COURT Woman sentenced after theft of money
The former director must repay $144,844.60 to the center.
By LAURE CIOFFI
VINDICATOR PENNSYLVANIA STAFF
NEW CASTLE, Pa. --The former director of the McGill Community Center will spend at least nine months in jail and the next 19 years paying the center back more than $100,000.
Bernadette Datillo Schaffner, 48, of Hillcrest had pleaded guilty to theft by deception, theft by failure to make required disposition of funds and forgery. President Judge Dominick Motto sentenced her Wednesday in Lawrence County Common Pleas Court.
New Castle Police arrested Schaffner in June 2004 after determining that she had stolen the nonprofit center's money and used it for herself. She used it to pay her car insurance, children's college tuition and personal bills, among other things, officials said.
She will report to the Lawrence County Jail on Monday to start serving her sentence of nine to 18 months.
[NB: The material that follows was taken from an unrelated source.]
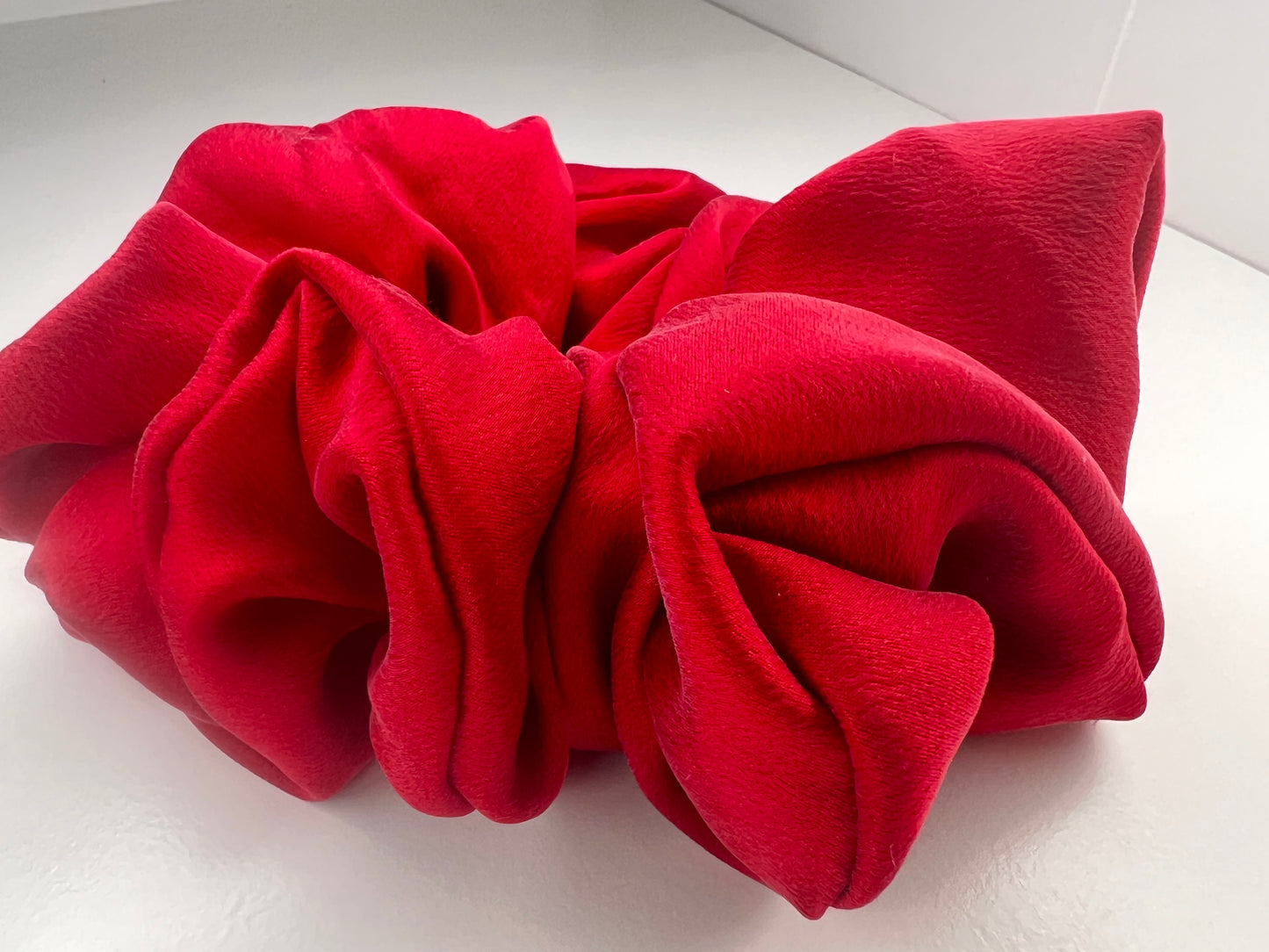 Rose Red Satin Scrunchie 🌹✨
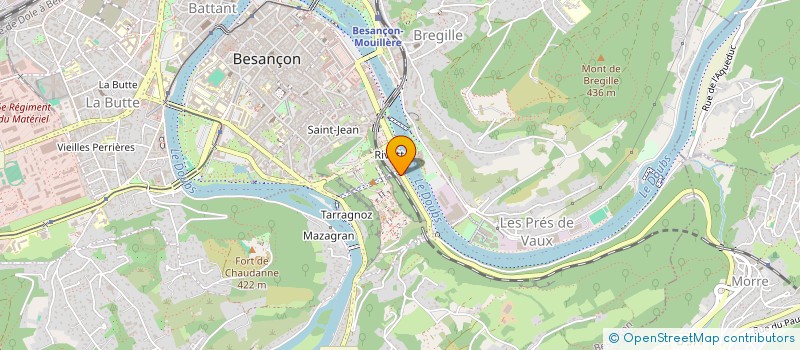 localisation de l'entreprise MONSIEUR ALEXANDRE SOGARO  BESANCON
Lawrence County District Attorney Matthew Mangino said Schaffner will be required to repay the center $144,844.60 as part of her sentence. He said she will have to pay that money while on probation for the next 19 years.
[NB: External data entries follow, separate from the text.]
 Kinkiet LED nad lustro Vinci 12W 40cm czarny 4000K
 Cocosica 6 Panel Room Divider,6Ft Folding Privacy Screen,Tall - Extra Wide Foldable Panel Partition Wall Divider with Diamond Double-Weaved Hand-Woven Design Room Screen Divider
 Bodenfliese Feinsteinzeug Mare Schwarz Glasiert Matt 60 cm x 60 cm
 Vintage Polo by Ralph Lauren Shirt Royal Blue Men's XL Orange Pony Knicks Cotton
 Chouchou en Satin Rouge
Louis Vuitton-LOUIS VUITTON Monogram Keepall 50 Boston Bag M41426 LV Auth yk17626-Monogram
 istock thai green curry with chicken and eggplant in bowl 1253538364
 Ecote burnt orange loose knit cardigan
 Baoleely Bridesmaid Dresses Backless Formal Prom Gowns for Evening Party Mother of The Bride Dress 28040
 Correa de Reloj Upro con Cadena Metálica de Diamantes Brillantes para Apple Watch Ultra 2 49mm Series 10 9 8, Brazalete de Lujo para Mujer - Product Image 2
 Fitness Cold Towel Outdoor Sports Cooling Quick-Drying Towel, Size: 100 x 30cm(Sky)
Representatives of the McGill Center were on hand for Schaffner's sentencing, he said.
How they were tipped off
New Castle police started investigating Schaffner in April 2004 after they were alerted by a private investigator hired by the Arthur McGill Presbyterian Community Center concerning checks issued to Schaffner.
Police contend that Schaffner used the money to pay personal bills to Wal-Mart, Sears and Ralph's Supermarket, as well as other bills. Police said Schaffner also paid back personal loans with the center's money, and didn't make some deposits given to the center.
Authorities said they believe that Schaffner started taking the money in 1999, shortly after the center's bookkeeper left for another job.
Members of the organization's board of directors discovered problems with bookkeeping when a board member offered to help Schaffner with the books. Schaffner had complained about the bookkeeping aspect of her job, they said.
Police said the board member could not find books, but did find a large amount of paperwork and started looking into the center's checking account.
Assistant District Attorney Birgitta Tolvanen handled the prosecution.